Yes it is. It's the first project I've created in node.
EDIT: Only difference form other hello world servers is that it displays online users and supports dynamic rooms (Dynamic rooms are not working due to excessive traffic)
It seems like it's really getting killed under the load. This also isn't the first node project demo I've seen deployed that gets destroyed by a bunch of people visiting it to check it out. Anyone have some tips for deploying Node in a manner that your server won't just get destroyed? What's the point of supporting 1000's of users in say, socket.io if most people's deployment schemes allow for a max of say, 250 concurrent connections?
Be sure to use Node's cluster API (http://nodejs.org/docs/v0.6.0/api/cluster.html) so each core on your server gets utilized. Doesn't look like this, looking at the source, is doing that so unless they're manually running an app instance on each core and load balancing between them then they may be underutilizing their hardware.
At ClassDojo we support many thousands of concurrent users on node.js using cluster to create multiple worker processes and using multiple boxes with Amazon ELB in front of them. All static assets are served from the CDN.
Handling your state in memory is fine for examples such as this, but in general you should defer all state to the database layer or use something like redis. That way your app server will remain entirely stateless so any node.js process on any box can serve a request identically - you can just scale up by adding additional boxes.

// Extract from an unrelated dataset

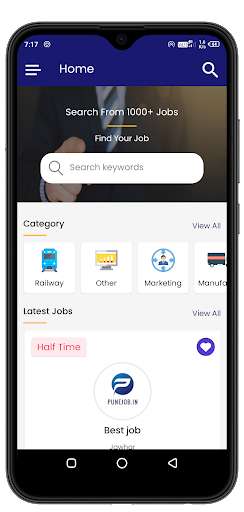 Run android online APK PuneJob.in from MyAndroid or emulate PuneJob.in using MyAndroid Run android online APK PuneJob.in from MyAndroid or emulate PuneJob.in using MyAndroid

A very fine way is to have multiple processes and connect to any at random. Now, use a message queue, say like redis, or rabbit mq to read messages and delete from queue. Since a client is only connected to only one of the servers, it eliminates the chances of sending the same message more than once to the same client. This helps in splitting the incoming messages and the outgoing(which is usually far bigger, since one message is delivered to all others in a chat room).
You're opening yourself up to a serious race condition by using a global variable ('params') to share state across requests. The delay between the GET and the socket connect could easily be seconds; under load, it will likely be next to impossible to join the right room.
You probably want to use cookies (which socket.io helpfully supplies) for this instead.
I'll be releasing an update soon, I've exposed sendMessage, I'll change it into something like form submission and then extract the message from the response.